* [DATA EXTRACT]:
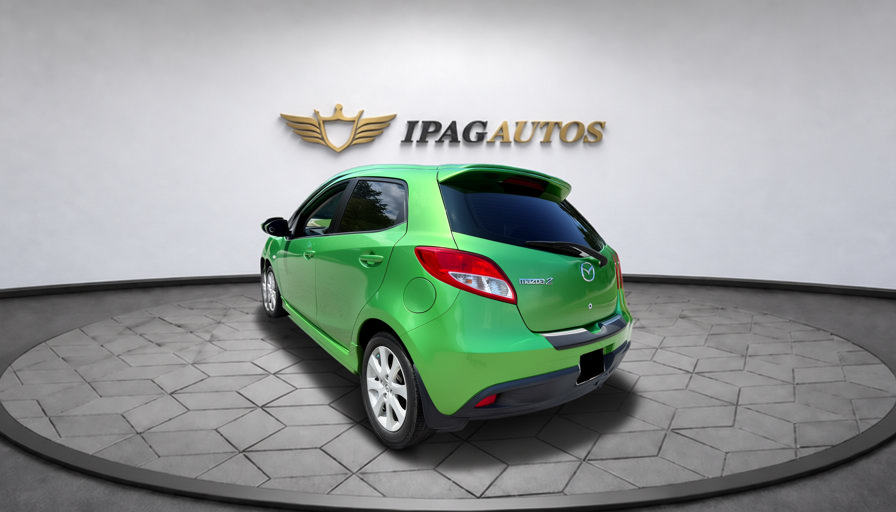 Used 2011 MAZDA MAZDA2 Touring FWD image 15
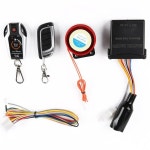 자동차부붐 2 양방향 바이크 오토바이 경보 시스템 스쿠터 도난 방지 원격 엔진 시작 중지 위치 비상 무장 해제 : 슈슈몽2호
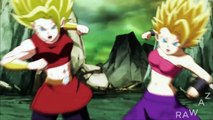 Goku Goes Super Saiyan 3 - Dragon Ball Super [4K Ultra HD]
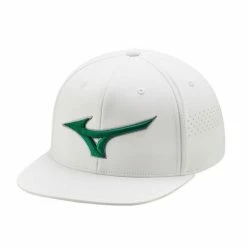 Mizuno Golf Mizuno Tour Flat Snapback Cap -Golf Headwear Sales Store Mizuno Tour Flat Snapback Cap WG 93402.1663091699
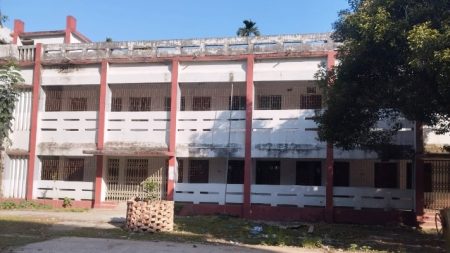 বিজয় দিবসে জাতীয় পতাকা উত্তোলন না করায় মুক্তিযোদ্ধা ও স্থানীয়দের মধ্যে ক্ষোভ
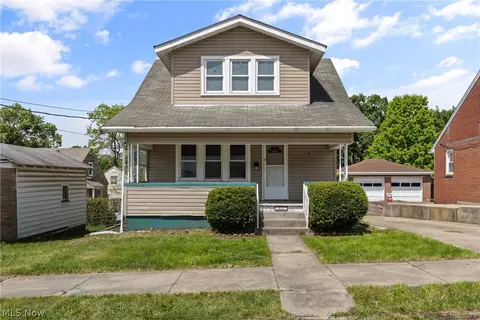 813 Jeanette Ave, Steubenville, OH 43952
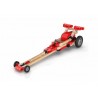 Motorized Racers CARS Eco Builds 3 AUTO MOTORIZZATE Engino KIT costruzioni in legno e plastica ETA' 6+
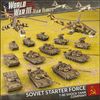 World War III: Team Yankee – Soviet Starter Force: T-80 Shock Tank Company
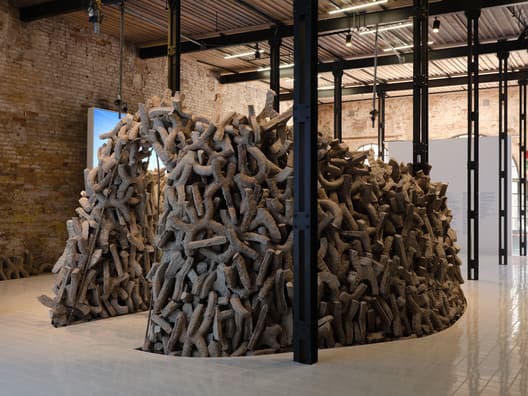 UAE / Wetland Wins the Golden Lion for Best National Participation at the 2021 Venice Biennale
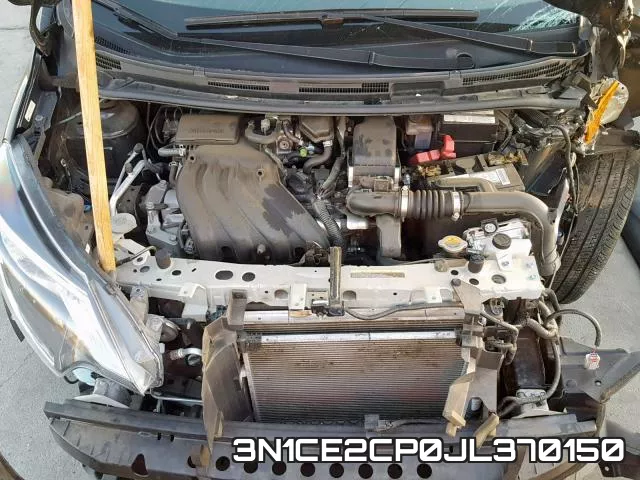 3N1CE2CP0JL370150 фото 8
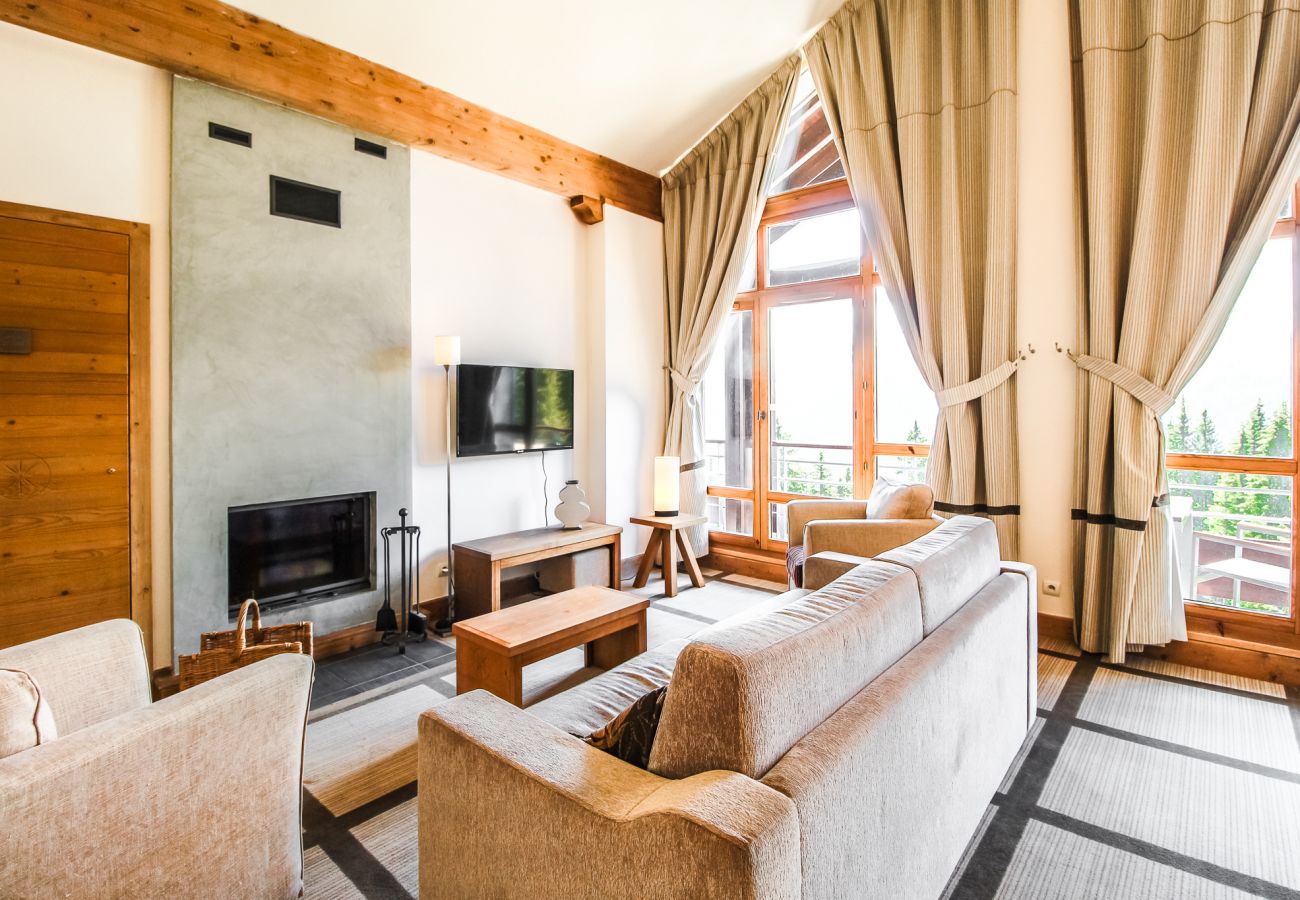 Apartment in Flaine - EMILIE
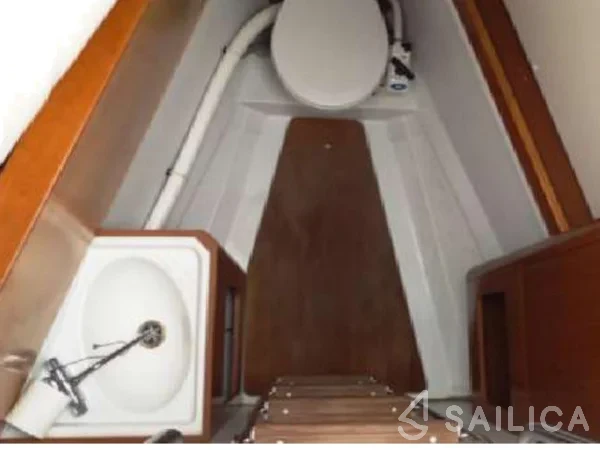 Oceanis 50 Family - Yacht Charter Sailica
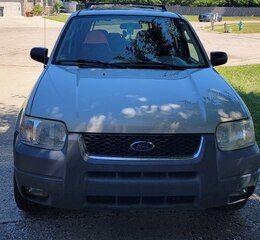 2004 Ford Escape XLT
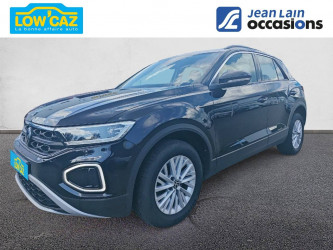 VOLKSWAGEN T-ROC T-Roc 2.0 TDI 150 Start/Stop DSG7 Life 30/12/2022 en vente à La Ravoire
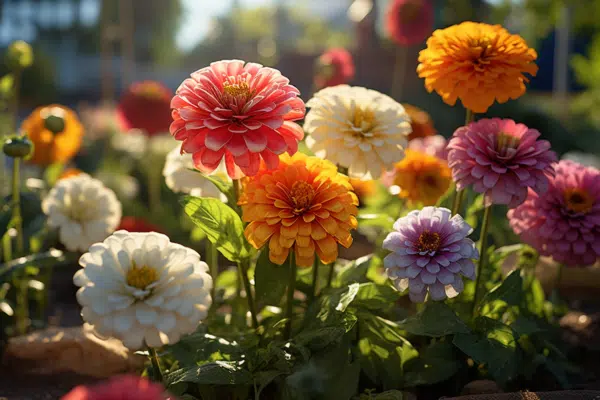 Les fleurs idéales pour débuter en jardinage : simplicité et réussite assurées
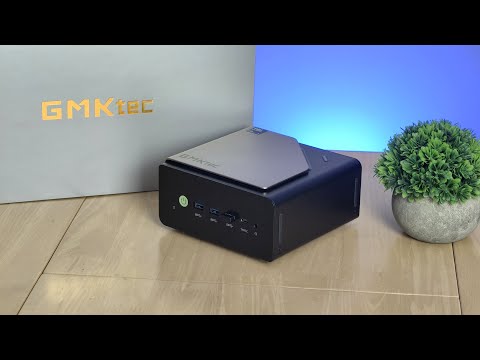 GMKTec EVO T1 Review - Core Ultra 9 285H With Arc 140T iGPU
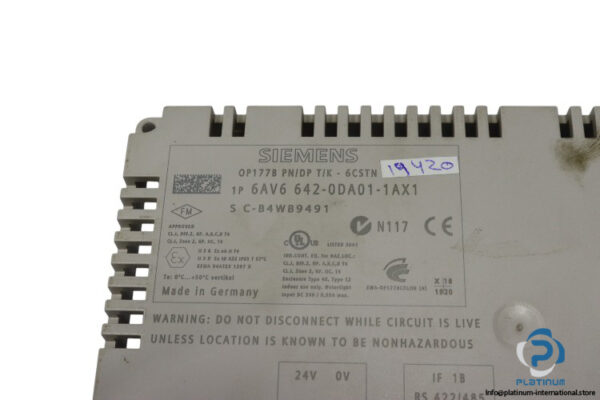 siemens-01314897-03-08_B4F99719-452_A5E01314269-1-circuit-board-(used)-4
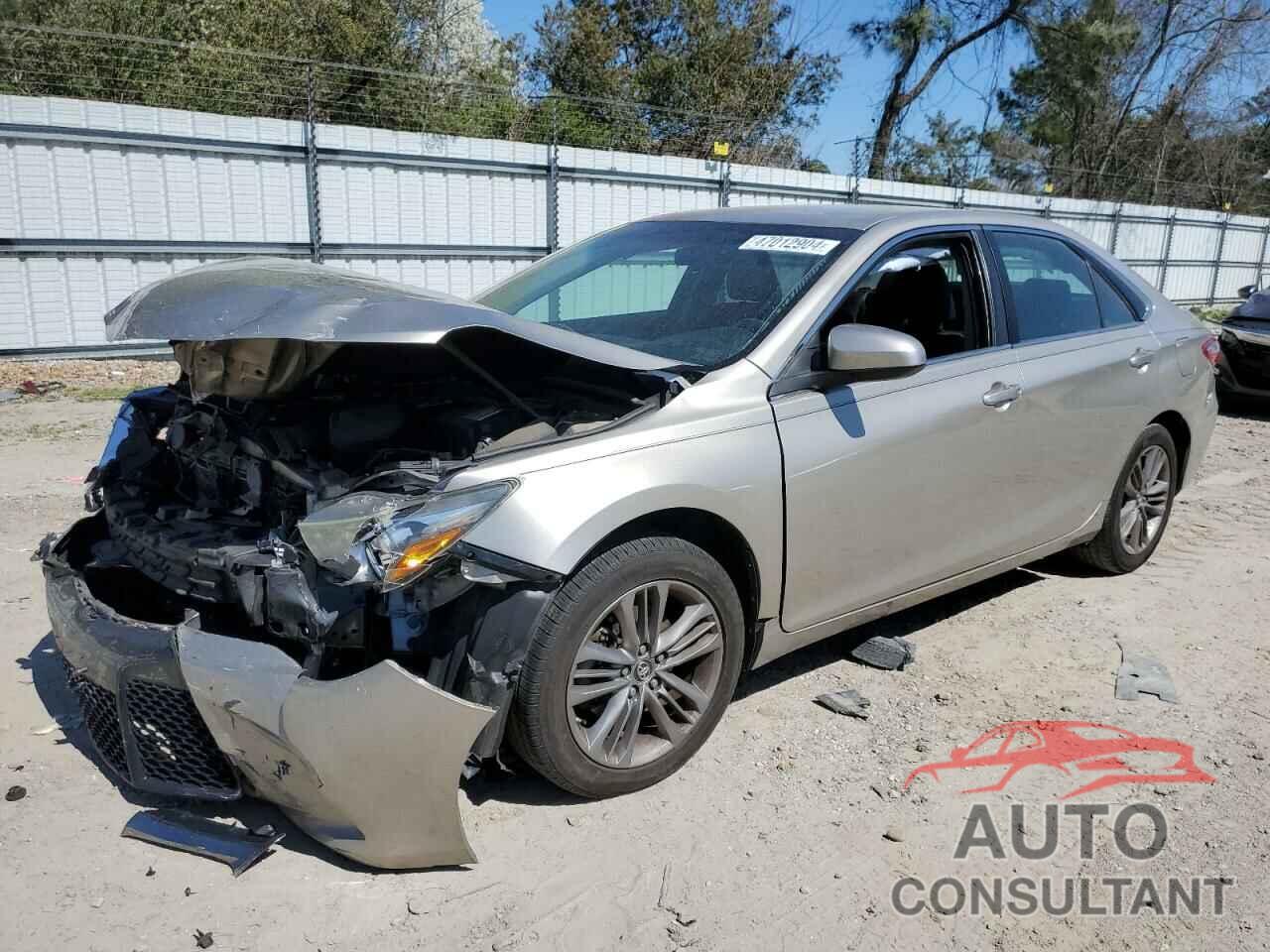 TOYOTA CAMRY 2017 - 4T1BF1FK0HU674929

* [EXERCISE INSTRUCTIONS]: Reproduce the data above exactly, but only the lines from the one showing "World War III: Team" through the one showing "VOLKSWAGEN T-ROC T-Roc", with both ends kept and the pictures left out.

* [EXPECTED ANSWER]:
 World War III: Team Yankee – Soviet Starter Force: T-80 Shock Tank Company
 UAE / Wetland Wins the Golden Lion for Best National Participation at the 2021 Venice Biennale
 3N1CE2CP0JL370150 фото 8
 Apartment in Flaine - EMILIE
 Oceanis 50 Family - Yacht Charter Sailica
 2004 Ford Escape XLT
 VOLKSWAGEN T-ROC T-Roc 2.0 TDI 150 Start/Stop DSG7 Life 30/12/2022 en vente à La Ravoire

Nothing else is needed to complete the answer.